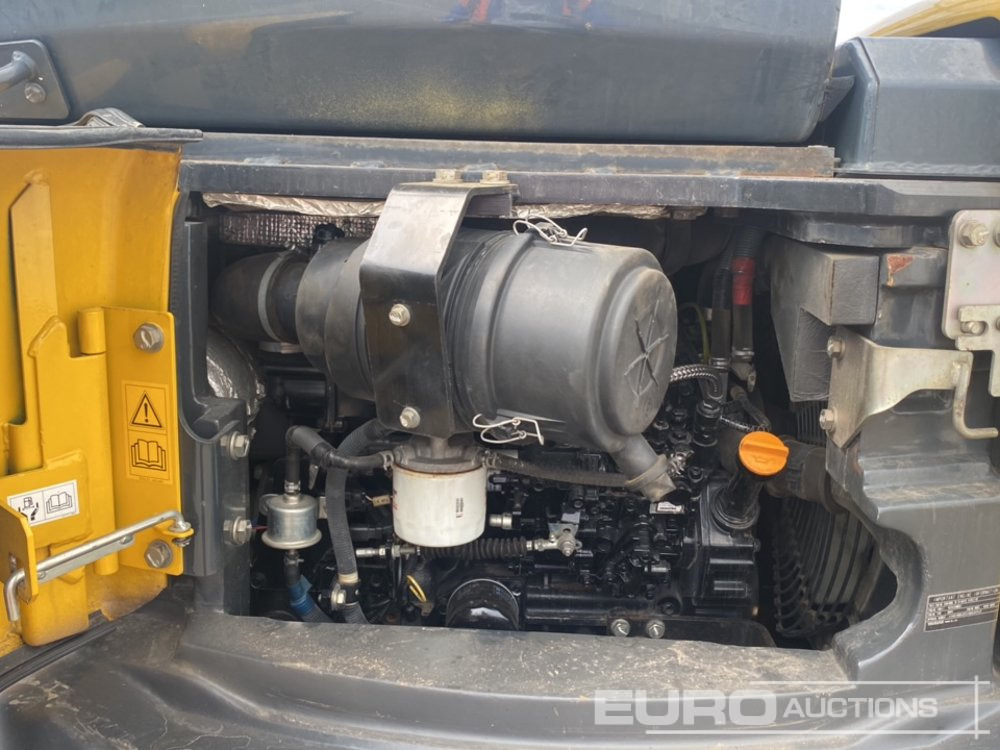 Mini-ekskavators 2017 Komatsu PC55MR-3: foto 12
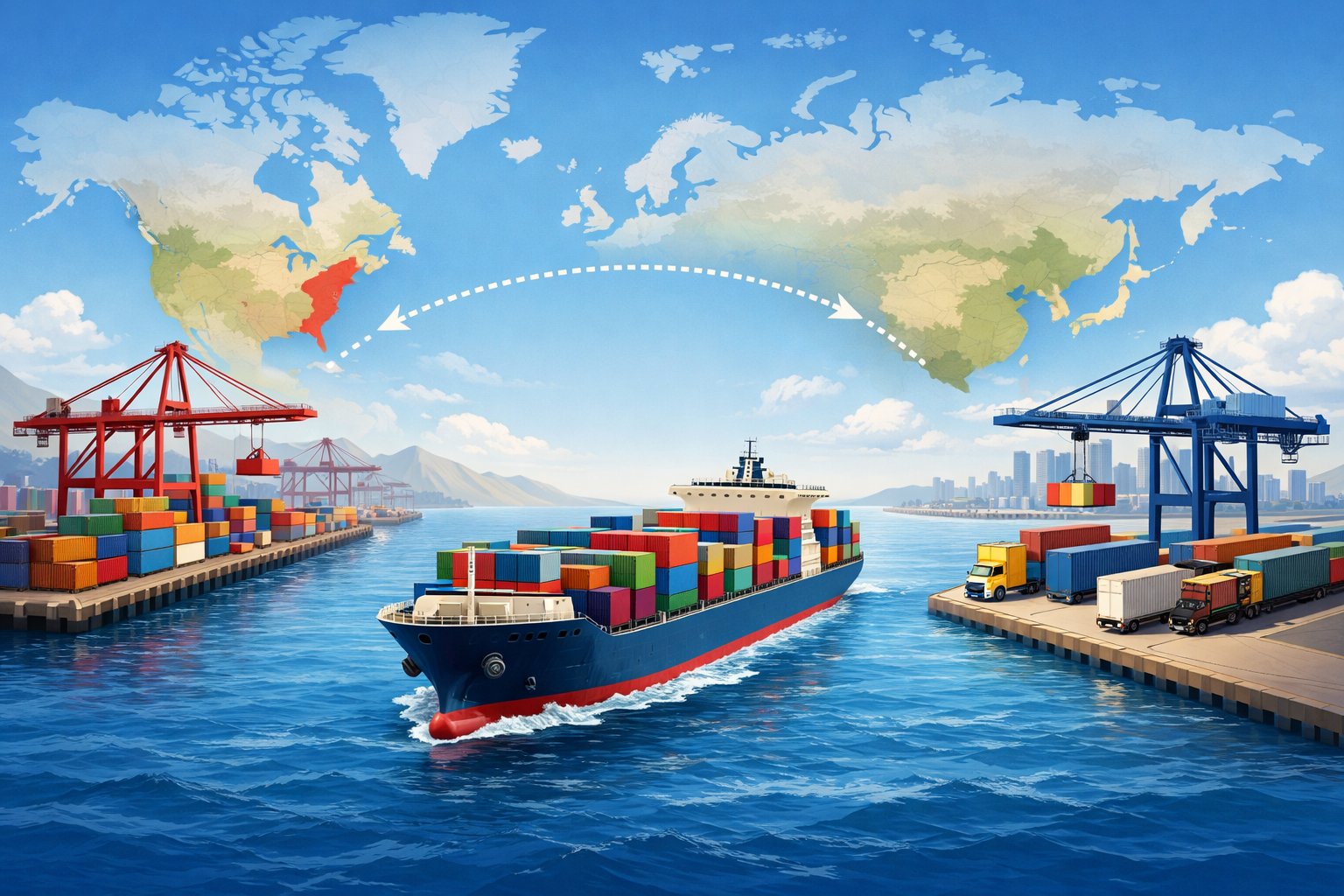 Shipping Freight from China to US: Methods, Costs, and Customs Explained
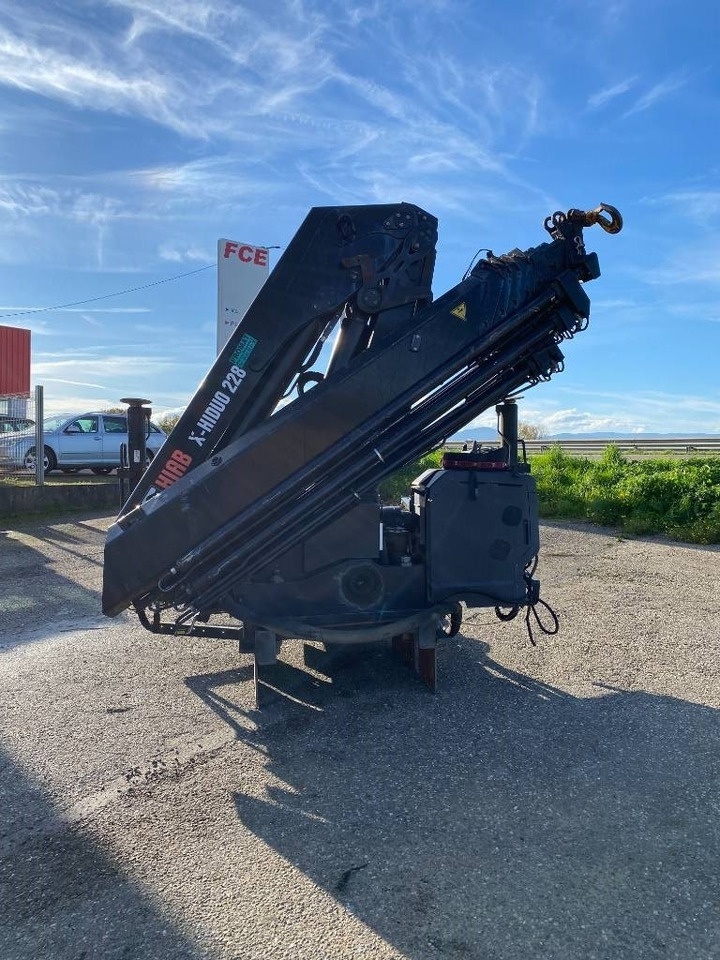 Hiab X-HiDuo 228 E-6 - Crane: picture 2 Hiab X-HiDuo 228 E-6 - Crane: picture 2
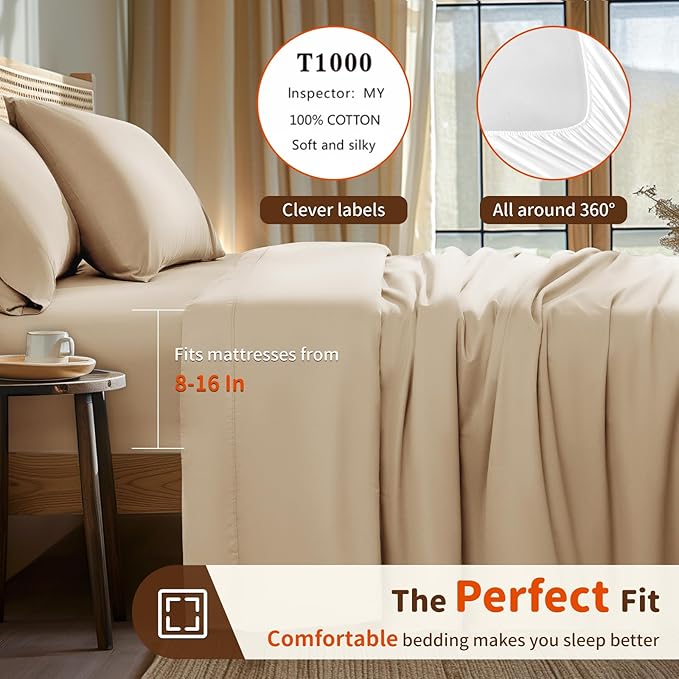 Bed Sheet Set - Twin - 3 Piece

* _WHAT YOU WILL DO_: Set the material down exactly, images excluded.

* _RESPONSE BOX_:
 Mini-ekskavators 2017 Komatsu PC55MR-3: foto 12
 Shipping Freight from China to US: Methods, Costs, and Customs Explained
 Hiab X-HiDuo 228 E-6 - Crane: picture 2 Hiab X-HiDuo 228 E-6 - Crane: picture 2
 Bed Sheet Set - Twin - 3 Piece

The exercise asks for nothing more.